Nous le mentionnions déjà en janvier 2020 : fin 2018, la Côte d’Ivoire a officiellement demandé à la France la restitution de 148 biens culturels majeurs, à commencer par le célèbre tambour parleur, le Djidji Ayôkwé, pièce maîtresse de la culture ivoirienne et objet emblématique de la résistance des Ébrié à l’oppression coloniale.
D’après le site des collections du Quai Branly, cet instrument de musique en bois, un tambour à fentes de 3,30 m de long sculpté et orné d’un léopard bondissant, était utilisé «pendant la période de ‘’recrutement’’ pour la construction de routes afin d’annoncer l’arrivée des colons dans les villages et permettre aux hommes de fuir».

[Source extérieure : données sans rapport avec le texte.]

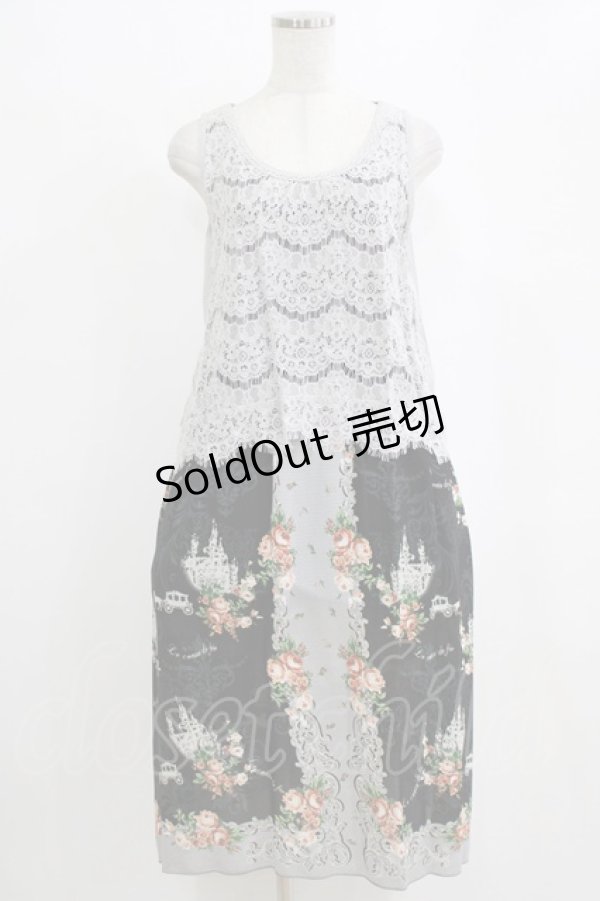 画像1: axes femme / レースドッキングワンピース M ブラック/グレー H-26-02-14-028-AX-OP-NS-ZH (1)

«C’était le Djidji Ayôkwé qui leur permettait de prévenir les uns les autres que le colon était en train d’arriver dans telle zone, parce que les gens n’étaient pas d’accord avec la méthode musclée de réquisitions des personnes pour aller travailler. Et donc, quand ils venaient, ils ne trouvaient personne et ils ont fini par découvrir que c’était le tambour qu’on battait et que l’on entendait de très loin, à 12 kilomètres à la ronde», précise Silvie Memel-Kassi, ancienne directrice du Musée des Civilisations de Côte d’Ivoire nommée Directrice générale de la culture fin janvier 2022.

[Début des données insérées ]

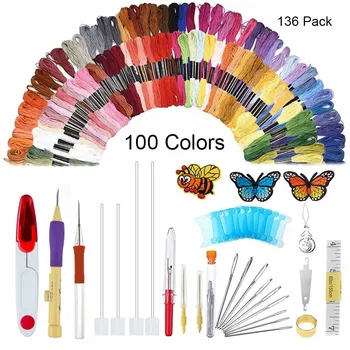 

136 Pcs/set Patterns Punch Needle Kit Craft Tool Embroidery Pen Set for Sewing Knitting DIY Threaders home sewing tool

Si les fonctions du Djidji Ayôkwé, véritable outil de communication et de cohésion sociale, pouvaient être solennelles ou festives, en temps de guerre, il jouait également le rôle de veilleur. L’annonce de sa restitution prochaine, conforme à la «nouvelle relation» que le chef de l’Etat français entend nouer avec le continent, a donc été saluée comme «un geste fortement historique» par les populations concernées, d’autant plus apprécié que « ce tam-tam parleur va rappeler notre histoire et revaloriser le peuple Ébrié dont les traces sont en train de disparaître avec l’urbanisation sauvage de l’agglomération d’Abidjan […]» comme l’expliquait il y a peu Clavaire Aguego Mobio, actuel détenteur du pouvoir traditionnel des Ébrié.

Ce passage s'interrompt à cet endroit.